The first is trying to acquire control too early and without career capital. You first have to have rare and valuable skills to trade in for control, otherwise it isn’t sustainable. Think of those travel bloggers that try and have a life of control where they blog and run their website from wherever they are in the world. They often don’t add much value (i.e. don’t have career capital) and therefore don’t make any money and their dream falls apart.

The second trap is acquiring enough career capital such that you become so valuable to your employer that they try to prevent you from acquiring more control. You put in all of this effort and add so much value to your current job that they offer you more money to prevent you from switching to a job with more control.

One tool for avoiding these traps is to use the law of financial viability: Ask yourself if people will pay for a potential pursuit for more control in your working life. This is helpful in determining whether or not you have enough career capital to succeed with the pursuit.

Having a strong mission (not a calling or passion) is another crucial element in finding meaningful work. Against common thought, missions are difficult to find. Yet again, career capital is necessary to find a meaningful mission. Big ideas are almost exclusively found in the “adjacent possible2”, the foggy area just beyond the cutting edge. Therefore, you need the career capital to get to the cutting edge to find a strong mission in the adjacent possible.

Finding a mission also isn’t a big plan that you follow the path to and find sitting there. You have to search for it by making “little bets.” Do small experiments (less than a month or two) that offer concrete feedback to learn critical information about your direction. This way, you don’t waste time and effort going down a fruitless path and you have a higher likelihood of finding a successful mission.

Lastly, your mission needs to be remarkable. Your project must compel people to want to remark about it and should be deployed in an area that supports this remarking. Seth Godin refers to these as purple cows. Your projects should stand out and compel people to market it for you by chattering about it.

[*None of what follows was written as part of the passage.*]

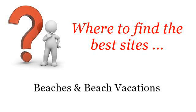Where to find the best sites, beaches and beach vacations. Hi, here you will find where to solve your questions about how to make beach sandals. These selected resources on the web might help you.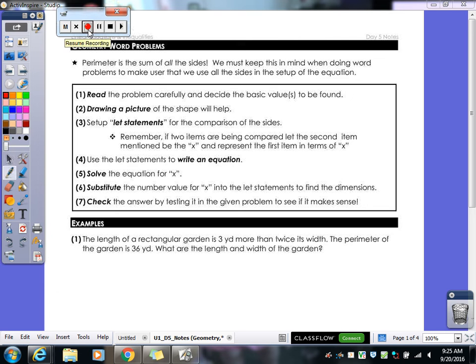We're working on more word problems today. Last class we did some money word problems and some basic number word problems. Today we're going to start off with our geometry word problems.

In conclusion, forget about trying to discover your passion and hope that you can get a job that matches said passion. Become a craftsman with rare and valuable skills that you later invest into your career. This investment will buy you control and a meaningful mission which will lead to a fruitful career.

My Thoughts

The first part of this book really went against everything I have ever been taught about finding meaningful work. I have always been told to just follow my passion and the money and satisfaction will follow.

I really like now having something to call the aspects of the craftsman mindset. I try my hardest to add value wherever I can in my life. Now I have a good metaphor and specific label for thinking about how I approach doing that.

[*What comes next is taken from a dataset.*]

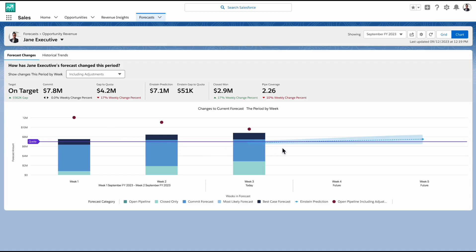We can see the Einstein prediction line showing where the team is trying to land by the end of the forecasting period. On the top, we see important KPIs and their recent changes to get a quick overview of the health of the team's forecast.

Same thing for career capital. I like to think about skills, frameworks, and tools that I have in my brain as a toolbox that I pick and choose from as I go through life to see if one of them helps my current problem. I have never really applied the same thinking to a career until now.

  1. I am currently a Peace Corps Volunteer so I was reminded of JFK’s Inaugural Address when I read this: “Ask not what your country can do for you – ask what you can do for your country.” 

  2. Term coined by Stuart Kauffman.